Steelmanning the regulator — and why it fails
There is a legitimate version of all this. States have a real interest in policing genuine cybercrime, and a platform operating inside a jurisdiction can argue that geo-blocking specific content is less censorious than a countrywide ban of the service — a "least-restrictive" posture that keeps ordinary Saudis online. Content moderation at national scale is genuinely hard, and "follow local law" is a coherent default that Meta ties to its Global Network Initiative commitments.

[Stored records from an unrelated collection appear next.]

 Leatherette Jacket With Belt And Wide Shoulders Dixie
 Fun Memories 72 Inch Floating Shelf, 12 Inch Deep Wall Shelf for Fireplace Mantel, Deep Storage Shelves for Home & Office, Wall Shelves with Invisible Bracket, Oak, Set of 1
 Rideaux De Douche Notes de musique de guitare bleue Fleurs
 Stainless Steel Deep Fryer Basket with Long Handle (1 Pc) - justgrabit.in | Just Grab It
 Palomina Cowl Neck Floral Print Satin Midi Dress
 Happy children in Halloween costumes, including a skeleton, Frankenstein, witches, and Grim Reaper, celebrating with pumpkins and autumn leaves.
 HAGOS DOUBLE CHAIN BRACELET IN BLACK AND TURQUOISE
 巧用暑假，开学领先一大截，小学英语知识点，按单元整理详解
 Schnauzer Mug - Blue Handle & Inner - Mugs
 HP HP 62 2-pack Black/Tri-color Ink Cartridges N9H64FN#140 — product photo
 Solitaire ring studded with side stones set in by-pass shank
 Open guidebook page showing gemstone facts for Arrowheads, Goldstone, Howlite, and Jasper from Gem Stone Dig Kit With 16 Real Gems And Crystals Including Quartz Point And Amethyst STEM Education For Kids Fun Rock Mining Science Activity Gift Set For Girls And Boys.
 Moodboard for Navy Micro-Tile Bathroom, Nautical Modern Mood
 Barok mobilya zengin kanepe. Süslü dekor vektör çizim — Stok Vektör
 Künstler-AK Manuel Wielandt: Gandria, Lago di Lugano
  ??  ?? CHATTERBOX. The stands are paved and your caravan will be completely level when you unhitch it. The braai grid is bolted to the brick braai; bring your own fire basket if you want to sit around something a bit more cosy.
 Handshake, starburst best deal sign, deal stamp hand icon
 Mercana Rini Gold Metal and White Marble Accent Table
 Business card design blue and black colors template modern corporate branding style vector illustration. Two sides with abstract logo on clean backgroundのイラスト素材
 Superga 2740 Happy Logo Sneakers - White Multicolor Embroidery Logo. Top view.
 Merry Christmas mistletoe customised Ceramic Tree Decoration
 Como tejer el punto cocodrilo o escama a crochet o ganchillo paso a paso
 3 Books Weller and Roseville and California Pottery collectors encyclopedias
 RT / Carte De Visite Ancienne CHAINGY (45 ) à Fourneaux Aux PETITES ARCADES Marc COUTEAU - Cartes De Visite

But the defence collapses on the facts. A law is not proportionate when its operative terms are undefined, when it routes speech through a terrorism court, and when a Wikipedia edit can cost fourteen years. Proportionality requires that restrictions be necessary, narrowly tailored, and predictable — the opposite of Article 6's elastic catch-alls. And a platform's "least-restrictive" rationale curdles when the underlying demand is itself transnational repression aimed at human-rights defenders, many of them in exile. Blocking the critics rather than the criticism is not neutrality; it is participation.
The proportionate path
For Saudi Arabia, the credible reform is to confine the cybercrime law to actual cybercrime — fraud, intrusion, non-consensual imagery — and to strike or sharply narrow Article 6's speech provisions, with explicit protection for journalism, research, and political expression. For platforms, the GNI principles they invoke demand more than a transparency table: a published legal basis for each restriction, narrow construction of vague demands, refusal of orders that plainly target protected speech, and notice to affected users.
An open internet is an economic asset, not a security liability. Khalid's fourteen years are a measure of how far a vaguely drafted statute can travel — and a reminder that the companies now routing around it have become part of the story.